Computational Biophysics


My research uses mathematical models and computer simulations to understand and predict the behaviour of biological systems. I am particularly interested in studying disease processes and potential therapies or cures. The experiments and clinical trials used to study many diseases are very costly and time-consuming and the data we get are usually quite limited, so it's often difficult to get a clear picture of which biological processes are important in causing a disease. This also makes it difficult to study different treatment regimens. By the time a drug makes it to a clinical trial, usually only a couple of different dose/timing regimens are tested in humans; not because they were found to be the optimal regimens after a thorough examination of all the possibilities, but typically based on the educated guess of the researchers heading the trial.
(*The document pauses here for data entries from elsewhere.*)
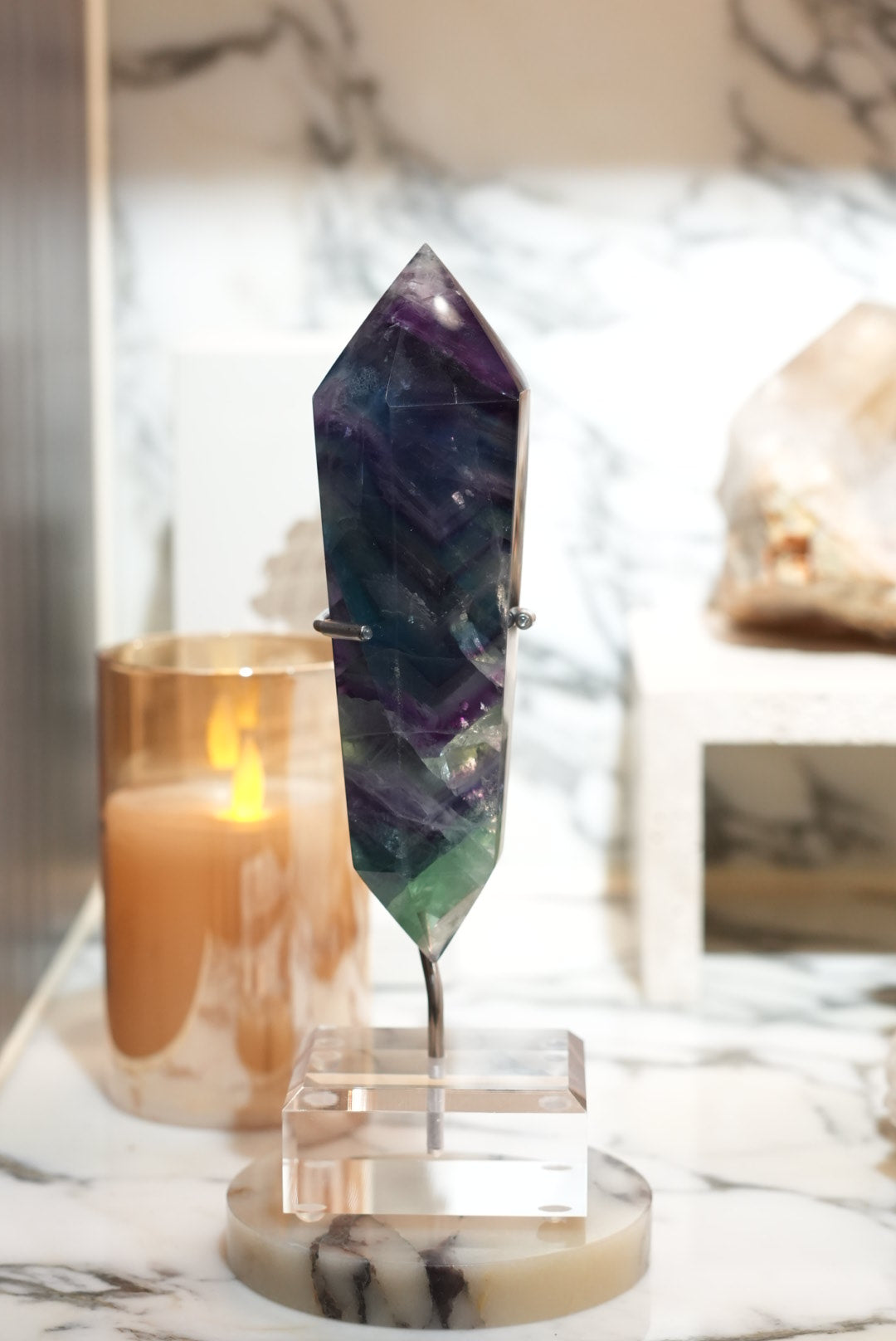 Purple blue green fluorite double terminated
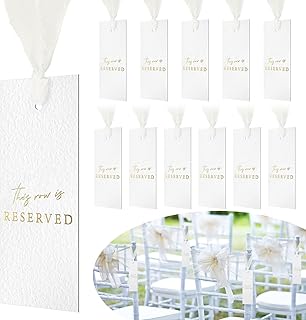 Clabby 12 Pack Reserved Chairs Hanging Signs with Ribbon for Wedding Reception Party Restaurant This Row Is Reserved Signs for Wedding Church Events Pews Chair(Gold)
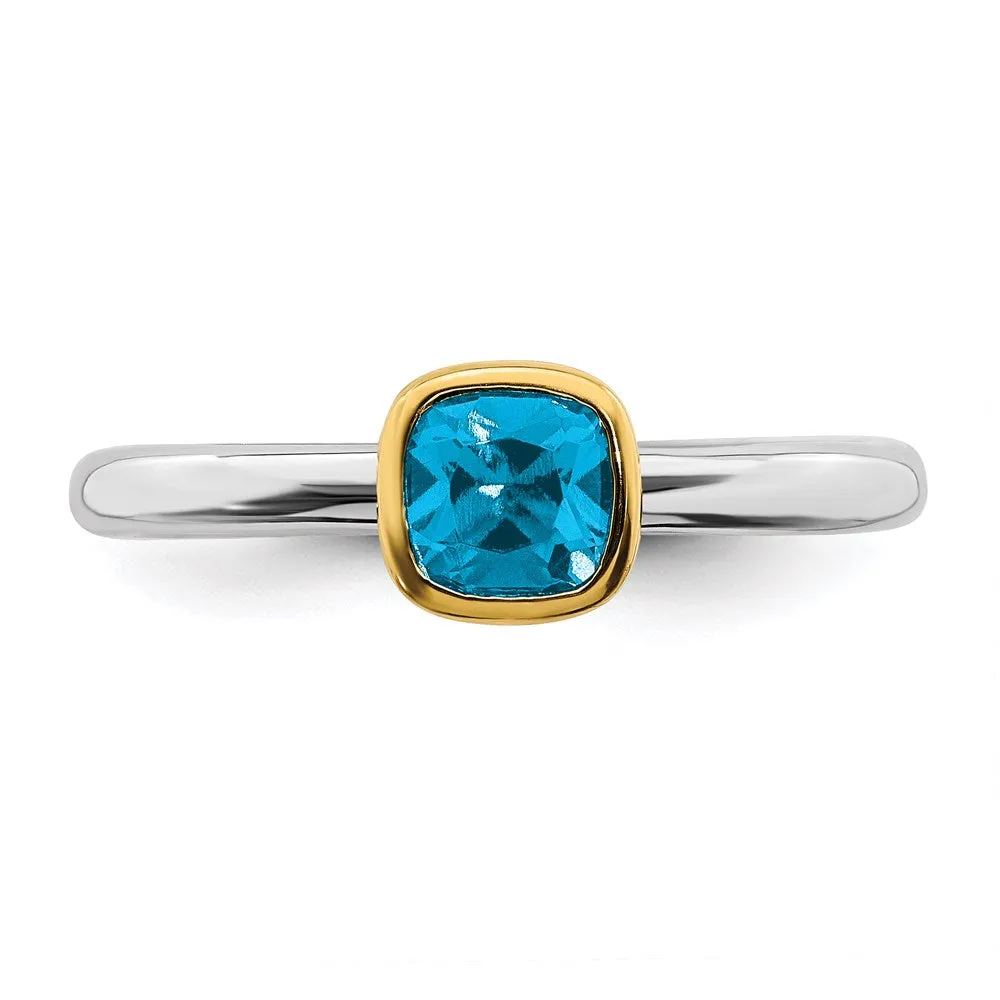 Sterling Silver Stackable Expressions w/Gold-plated Blue Topaz Ring | QSK1898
An accurate computer model of the disease can not only help us understand the underlying dynamics of the disease but will be extremely helpful in assessing potential treatments. Computers can simulate thousands of different dose/timing regimens and will help doctors choose optimal regimens to test in patients.

 Influenza

Influenza is a viral infection that affects millions of people every year. Most often, the illness is not serious and resolves on its own, but it has the potential to cause widespread illness and death during a pandemic. I use mathematical models of the infection process to study the causes of severe influenza, the emergence of drug resistance, the role of the immune response in clearing the infection, and antiviral treatment. The long-term goal of this research is to develop an accurate model of the infection in humans which can then be used to test a wide variety of drug treatment protocols and to simulate drug or vaccine treatment in high risk patients, reducing the risk to these patients.

Cardiac Arrhythmia

In a healthy heart an electrical pulse from the sino-atrial node causes a single electrical wave to propagate uniformly across the heart. This wave initiates the contraction that pumps the blood through your body. In a heart experiencing an arrhythmia, the electrical pulse generates waves that spread non-uniformly or break up into multiple waves. This causes different parts of the heart to contract at different times making it difficult for the heart to pump blood efficiently. I use mathematical models to try to understand how a heart becomes arrhythmic so that we can predict which patients should be given medication to prevent arrhythmias. I also use models to assess the effect of different anti-arrhythmic drugs on electrical activity in the heart.